### [YOUR INSTRUCTIONS]
Repeat word for word every line of the data below, from the first through the line containing "50.000 dólares Nunca", and stop there.

Short descriptive text snippets:
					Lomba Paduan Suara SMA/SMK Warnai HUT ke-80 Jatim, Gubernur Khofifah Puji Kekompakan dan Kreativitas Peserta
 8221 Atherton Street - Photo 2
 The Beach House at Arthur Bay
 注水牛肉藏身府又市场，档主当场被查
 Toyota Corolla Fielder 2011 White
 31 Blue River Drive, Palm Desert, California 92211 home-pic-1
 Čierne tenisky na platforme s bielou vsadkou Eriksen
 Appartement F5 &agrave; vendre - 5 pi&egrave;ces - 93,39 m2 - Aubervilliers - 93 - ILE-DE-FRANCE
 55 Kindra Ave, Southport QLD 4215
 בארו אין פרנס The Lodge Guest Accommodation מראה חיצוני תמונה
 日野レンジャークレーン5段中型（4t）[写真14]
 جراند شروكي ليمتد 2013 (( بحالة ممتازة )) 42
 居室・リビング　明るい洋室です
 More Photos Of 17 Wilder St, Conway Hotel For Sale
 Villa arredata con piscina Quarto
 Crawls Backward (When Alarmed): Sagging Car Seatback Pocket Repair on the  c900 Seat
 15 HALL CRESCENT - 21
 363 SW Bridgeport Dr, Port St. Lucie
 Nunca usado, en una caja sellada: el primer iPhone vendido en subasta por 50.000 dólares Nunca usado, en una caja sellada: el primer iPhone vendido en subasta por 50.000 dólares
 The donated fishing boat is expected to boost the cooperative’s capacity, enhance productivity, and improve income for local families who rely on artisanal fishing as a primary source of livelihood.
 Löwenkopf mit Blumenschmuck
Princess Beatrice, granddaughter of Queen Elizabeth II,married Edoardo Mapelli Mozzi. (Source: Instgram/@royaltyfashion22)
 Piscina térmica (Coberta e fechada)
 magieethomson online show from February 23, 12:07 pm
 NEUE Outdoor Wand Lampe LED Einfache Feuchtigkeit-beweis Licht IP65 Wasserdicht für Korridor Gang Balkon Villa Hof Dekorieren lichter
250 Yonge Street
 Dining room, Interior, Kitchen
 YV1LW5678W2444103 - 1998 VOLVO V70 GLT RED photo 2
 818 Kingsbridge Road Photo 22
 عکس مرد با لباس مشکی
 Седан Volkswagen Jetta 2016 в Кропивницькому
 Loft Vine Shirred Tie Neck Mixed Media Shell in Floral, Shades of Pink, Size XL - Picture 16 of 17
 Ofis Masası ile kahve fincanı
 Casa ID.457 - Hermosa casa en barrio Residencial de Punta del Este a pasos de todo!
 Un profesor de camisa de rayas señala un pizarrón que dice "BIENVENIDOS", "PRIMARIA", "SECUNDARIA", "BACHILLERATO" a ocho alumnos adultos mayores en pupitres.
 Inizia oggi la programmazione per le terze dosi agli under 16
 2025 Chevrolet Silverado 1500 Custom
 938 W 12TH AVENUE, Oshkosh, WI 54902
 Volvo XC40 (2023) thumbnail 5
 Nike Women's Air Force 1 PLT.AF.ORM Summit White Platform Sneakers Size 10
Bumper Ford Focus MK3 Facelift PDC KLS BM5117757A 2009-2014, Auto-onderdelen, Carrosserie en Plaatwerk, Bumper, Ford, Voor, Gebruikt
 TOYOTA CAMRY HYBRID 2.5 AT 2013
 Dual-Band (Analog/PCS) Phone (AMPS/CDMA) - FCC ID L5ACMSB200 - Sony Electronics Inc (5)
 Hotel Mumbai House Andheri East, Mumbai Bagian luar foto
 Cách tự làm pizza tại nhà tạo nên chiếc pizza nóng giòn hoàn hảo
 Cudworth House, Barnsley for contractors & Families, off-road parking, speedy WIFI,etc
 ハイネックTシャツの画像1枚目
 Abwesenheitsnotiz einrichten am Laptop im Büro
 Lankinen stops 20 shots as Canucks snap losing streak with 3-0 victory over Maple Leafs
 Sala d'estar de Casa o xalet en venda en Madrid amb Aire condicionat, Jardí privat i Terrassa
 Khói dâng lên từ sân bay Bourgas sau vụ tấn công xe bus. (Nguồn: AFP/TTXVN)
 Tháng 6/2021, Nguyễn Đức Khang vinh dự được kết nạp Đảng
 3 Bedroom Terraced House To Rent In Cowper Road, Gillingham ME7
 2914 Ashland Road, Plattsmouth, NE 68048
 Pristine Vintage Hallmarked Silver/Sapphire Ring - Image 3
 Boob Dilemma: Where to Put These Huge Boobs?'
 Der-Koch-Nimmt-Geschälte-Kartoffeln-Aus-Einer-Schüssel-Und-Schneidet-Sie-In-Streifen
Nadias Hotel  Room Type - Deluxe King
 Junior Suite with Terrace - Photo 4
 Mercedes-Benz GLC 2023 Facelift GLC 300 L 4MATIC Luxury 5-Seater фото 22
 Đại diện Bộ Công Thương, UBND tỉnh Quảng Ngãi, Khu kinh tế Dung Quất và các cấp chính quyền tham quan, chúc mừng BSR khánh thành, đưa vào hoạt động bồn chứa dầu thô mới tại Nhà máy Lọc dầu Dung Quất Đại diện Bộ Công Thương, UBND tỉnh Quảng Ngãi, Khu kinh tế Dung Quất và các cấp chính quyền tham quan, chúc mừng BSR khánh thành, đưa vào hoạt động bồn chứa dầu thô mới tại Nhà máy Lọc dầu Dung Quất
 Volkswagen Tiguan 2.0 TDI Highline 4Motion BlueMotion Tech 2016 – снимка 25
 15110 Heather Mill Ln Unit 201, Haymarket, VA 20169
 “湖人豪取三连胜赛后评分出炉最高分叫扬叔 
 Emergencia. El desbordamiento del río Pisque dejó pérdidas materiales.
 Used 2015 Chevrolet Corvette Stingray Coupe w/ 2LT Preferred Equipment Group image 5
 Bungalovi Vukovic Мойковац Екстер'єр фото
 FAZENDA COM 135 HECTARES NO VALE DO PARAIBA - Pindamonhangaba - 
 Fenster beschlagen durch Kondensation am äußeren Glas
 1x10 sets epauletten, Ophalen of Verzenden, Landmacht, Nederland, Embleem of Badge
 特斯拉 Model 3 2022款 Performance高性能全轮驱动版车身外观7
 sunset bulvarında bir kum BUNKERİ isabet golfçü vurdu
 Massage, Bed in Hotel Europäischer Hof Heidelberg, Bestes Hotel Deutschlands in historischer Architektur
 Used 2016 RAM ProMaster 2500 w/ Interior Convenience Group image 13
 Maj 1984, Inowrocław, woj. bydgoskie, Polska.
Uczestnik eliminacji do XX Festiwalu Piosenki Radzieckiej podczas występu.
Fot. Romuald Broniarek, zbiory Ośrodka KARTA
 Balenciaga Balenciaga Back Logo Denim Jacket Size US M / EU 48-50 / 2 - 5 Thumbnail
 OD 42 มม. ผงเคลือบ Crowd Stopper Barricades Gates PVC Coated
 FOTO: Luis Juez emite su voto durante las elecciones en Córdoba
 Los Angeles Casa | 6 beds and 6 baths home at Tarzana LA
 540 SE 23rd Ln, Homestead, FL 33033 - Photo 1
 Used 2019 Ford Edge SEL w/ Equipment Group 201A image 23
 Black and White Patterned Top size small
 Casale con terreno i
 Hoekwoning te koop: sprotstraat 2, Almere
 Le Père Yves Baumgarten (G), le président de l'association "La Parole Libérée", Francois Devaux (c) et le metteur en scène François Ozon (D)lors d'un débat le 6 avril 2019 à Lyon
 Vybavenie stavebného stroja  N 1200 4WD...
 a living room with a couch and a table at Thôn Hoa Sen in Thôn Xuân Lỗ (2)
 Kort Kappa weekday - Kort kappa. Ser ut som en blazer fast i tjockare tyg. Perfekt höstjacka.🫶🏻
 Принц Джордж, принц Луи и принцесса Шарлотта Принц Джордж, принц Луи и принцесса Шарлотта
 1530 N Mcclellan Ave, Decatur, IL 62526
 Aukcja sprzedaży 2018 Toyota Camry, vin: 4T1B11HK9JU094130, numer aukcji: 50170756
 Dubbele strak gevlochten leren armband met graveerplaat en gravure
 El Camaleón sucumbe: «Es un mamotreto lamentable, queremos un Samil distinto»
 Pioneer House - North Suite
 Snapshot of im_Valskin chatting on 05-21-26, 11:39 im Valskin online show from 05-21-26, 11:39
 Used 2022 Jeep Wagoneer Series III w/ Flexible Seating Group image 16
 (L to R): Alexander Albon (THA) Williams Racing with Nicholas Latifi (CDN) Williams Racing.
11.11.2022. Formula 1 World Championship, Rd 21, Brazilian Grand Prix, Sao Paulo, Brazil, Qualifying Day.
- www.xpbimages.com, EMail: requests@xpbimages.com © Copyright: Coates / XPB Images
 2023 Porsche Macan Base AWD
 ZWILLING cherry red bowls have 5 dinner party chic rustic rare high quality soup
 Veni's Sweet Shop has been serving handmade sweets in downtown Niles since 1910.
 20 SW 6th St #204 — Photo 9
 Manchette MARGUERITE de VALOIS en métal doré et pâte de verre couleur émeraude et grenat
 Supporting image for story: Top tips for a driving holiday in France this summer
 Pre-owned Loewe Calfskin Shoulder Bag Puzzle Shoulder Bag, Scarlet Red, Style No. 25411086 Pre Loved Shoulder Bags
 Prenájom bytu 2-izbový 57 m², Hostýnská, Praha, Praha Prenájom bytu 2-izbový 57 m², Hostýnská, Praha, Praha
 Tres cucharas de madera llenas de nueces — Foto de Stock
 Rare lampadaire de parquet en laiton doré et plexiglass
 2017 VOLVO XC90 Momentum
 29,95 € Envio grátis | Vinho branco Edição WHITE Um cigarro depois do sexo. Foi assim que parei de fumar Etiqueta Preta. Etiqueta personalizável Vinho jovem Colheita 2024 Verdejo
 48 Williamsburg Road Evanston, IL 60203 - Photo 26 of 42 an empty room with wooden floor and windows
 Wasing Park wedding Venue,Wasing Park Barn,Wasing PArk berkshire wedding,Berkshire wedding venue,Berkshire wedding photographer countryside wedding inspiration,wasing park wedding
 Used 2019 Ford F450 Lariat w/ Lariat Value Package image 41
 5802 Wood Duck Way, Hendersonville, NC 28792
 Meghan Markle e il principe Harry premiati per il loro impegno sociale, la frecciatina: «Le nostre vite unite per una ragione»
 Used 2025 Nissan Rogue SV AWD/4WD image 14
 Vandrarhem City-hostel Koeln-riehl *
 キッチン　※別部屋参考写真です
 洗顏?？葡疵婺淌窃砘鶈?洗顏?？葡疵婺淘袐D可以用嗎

### [RESULT OF THIS EXERCISE]
					Lomba Paduan Suara SMA/SMK Warnai HUT ke-80 Jatim, Gubernur Khofifah Puji Kekompakan dan Kreativitas Peserta
 8221 Atherton Street - Photo 2
 The Beach House at Arthur Bay
 注水牛肉藏身府又市场，档主当场被查
 Toyota Corolla Fielder 2011 White
 31 Blue River Drive, Palm Desert, California 92211 home-pic-1
 Čierne tenisky na platforme s bielou vsadkou Eriksen
 Appartement F5 &agrave; vendre - 5 pi&egrave;ces - 93,39 m2 - Aubervilliers - 93 - ILE-DE-FRANCE
 55 Kindra Ave, Southport QLD 4215
 בארו אין פרנס The Lodge Guest Accommodation מראה חיצוני תמונה
 日野レンジャークレーン5段中型（4t）[写真14]
 جراند شروكي ليمتد 2013 (( بحالة ممتازة )) 42
 居室・リビング　明るい洋室です
 More Photos Of 17 Wilder St, Conway Hotel For Sale
 Villa arredata con piscina Quarto
 Crawls Backward (When Alarmed): Sagging Car Seatback Pocket Repair on the  c900 Seat
 15 HALL CRESCENT - 21
 363 SW Bridgeport Dr, Port St. Lucie
 Nunca usado, en una caja sellada: el primer iPhone vendido en subasta por 50.000 dólares Nunca usado, en una caja sellada: el primer iPhone vendido en subasta por 50.000 dólares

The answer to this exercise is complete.